By contrast, Hollywood is on an entirely different continent - as can be clearly seen when comparing this film with the trailers for Tom Hanks' upcoming portrayal of Captain Phillips, who found himself in a similar situation. While Captain Phillips is based upon a true story, its lack of the Hollywood treatment makes A Hijacking ironically seem more realistic - a softly spoken lesson in how understated & maturely-handled drama can be even more exciting than the visceral thrill of an aesthetically shot gunfight.

The plot is simple - Somali pirates hijack a Danish ship & force the English-speaking cook Mikkel to negotiate his ransom with the shipping company. Feeling the pressure, Mikkel struggles to keep himself together - he may wear a vest but that's where his similarity to Bruce Willis' John McLane begins & ends. At the other end of the radio phone, the CEO of his shipping company has to negotiate for the lives of the crew. Pirates, businessmen - both are making deals where human lives & millions of dollars are on the table. Who is the more ruthless?

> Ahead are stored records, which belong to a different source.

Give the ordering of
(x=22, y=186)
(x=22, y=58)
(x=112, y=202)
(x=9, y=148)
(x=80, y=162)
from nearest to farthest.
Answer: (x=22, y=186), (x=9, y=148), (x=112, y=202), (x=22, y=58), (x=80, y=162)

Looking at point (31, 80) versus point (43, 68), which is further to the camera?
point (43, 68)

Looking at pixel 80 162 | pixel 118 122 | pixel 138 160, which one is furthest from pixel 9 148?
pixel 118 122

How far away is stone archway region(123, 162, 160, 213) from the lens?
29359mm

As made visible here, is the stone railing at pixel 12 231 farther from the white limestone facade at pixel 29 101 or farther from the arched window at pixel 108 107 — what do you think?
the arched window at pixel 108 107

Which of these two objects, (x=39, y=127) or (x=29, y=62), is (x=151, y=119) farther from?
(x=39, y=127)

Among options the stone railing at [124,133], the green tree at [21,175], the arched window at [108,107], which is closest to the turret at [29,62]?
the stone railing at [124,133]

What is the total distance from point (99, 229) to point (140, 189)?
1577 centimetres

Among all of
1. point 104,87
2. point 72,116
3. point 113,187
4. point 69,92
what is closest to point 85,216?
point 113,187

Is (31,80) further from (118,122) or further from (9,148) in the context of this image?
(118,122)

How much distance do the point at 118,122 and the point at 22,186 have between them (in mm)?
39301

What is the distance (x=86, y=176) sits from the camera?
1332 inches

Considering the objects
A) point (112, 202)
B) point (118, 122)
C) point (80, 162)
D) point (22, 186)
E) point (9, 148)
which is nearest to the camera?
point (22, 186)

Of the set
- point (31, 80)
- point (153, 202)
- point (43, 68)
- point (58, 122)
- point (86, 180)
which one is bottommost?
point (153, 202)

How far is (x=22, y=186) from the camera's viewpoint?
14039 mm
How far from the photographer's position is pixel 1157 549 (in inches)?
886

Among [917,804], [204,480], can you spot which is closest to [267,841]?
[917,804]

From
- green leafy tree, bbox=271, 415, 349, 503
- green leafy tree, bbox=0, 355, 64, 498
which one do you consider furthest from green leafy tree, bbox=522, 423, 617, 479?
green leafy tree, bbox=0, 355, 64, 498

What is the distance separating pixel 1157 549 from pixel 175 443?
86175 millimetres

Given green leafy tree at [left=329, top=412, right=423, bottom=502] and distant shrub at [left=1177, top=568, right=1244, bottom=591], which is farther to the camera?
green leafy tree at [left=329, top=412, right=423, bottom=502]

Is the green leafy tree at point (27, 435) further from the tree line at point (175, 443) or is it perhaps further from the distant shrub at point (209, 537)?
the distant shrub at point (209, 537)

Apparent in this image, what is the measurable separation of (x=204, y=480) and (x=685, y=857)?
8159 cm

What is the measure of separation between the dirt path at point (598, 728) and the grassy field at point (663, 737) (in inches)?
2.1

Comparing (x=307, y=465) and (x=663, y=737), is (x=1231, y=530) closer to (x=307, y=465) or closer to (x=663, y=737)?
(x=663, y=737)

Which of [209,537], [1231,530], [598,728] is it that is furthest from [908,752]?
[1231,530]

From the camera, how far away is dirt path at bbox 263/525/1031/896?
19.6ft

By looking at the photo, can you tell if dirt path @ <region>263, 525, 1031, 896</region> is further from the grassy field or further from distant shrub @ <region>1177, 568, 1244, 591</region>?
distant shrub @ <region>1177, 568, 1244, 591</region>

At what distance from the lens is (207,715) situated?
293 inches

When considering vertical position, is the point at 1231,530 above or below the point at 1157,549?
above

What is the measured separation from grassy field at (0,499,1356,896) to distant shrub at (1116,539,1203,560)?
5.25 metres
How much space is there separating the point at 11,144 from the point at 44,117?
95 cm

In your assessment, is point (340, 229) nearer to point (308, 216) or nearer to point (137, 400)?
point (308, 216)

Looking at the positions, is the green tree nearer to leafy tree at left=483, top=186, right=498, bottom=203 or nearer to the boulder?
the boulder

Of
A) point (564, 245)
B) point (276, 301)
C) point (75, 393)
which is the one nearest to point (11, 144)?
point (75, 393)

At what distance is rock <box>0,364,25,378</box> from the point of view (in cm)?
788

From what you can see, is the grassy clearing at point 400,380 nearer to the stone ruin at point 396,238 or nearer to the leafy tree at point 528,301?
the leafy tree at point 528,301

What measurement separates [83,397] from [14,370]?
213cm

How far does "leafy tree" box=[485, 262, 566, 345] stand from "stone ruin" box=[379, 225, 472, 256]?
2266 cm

Having never been involved in a pirate raid myself, I of course can't guarantee with hand on heart that this film represents what really happens - but it feels very real. On the films' website, Lindholm says "I couldn't make a film about the truth of the hijackings in the Indian Ocean, because I don't believe that truth exists. But I could make a film about seamen, pirates, CEOs and relatives. Because they do exist." So there's no love interest, no wise-cracking sidekicks, no 'let's get out of here' while outrunning henchmen who can't shoot straight - merely documentary-like camerawork & refreshingly down-to-earth characters. Which feels far more respectful to the people who really have gone through such ordeals than turning their experiences into yet another action film would be.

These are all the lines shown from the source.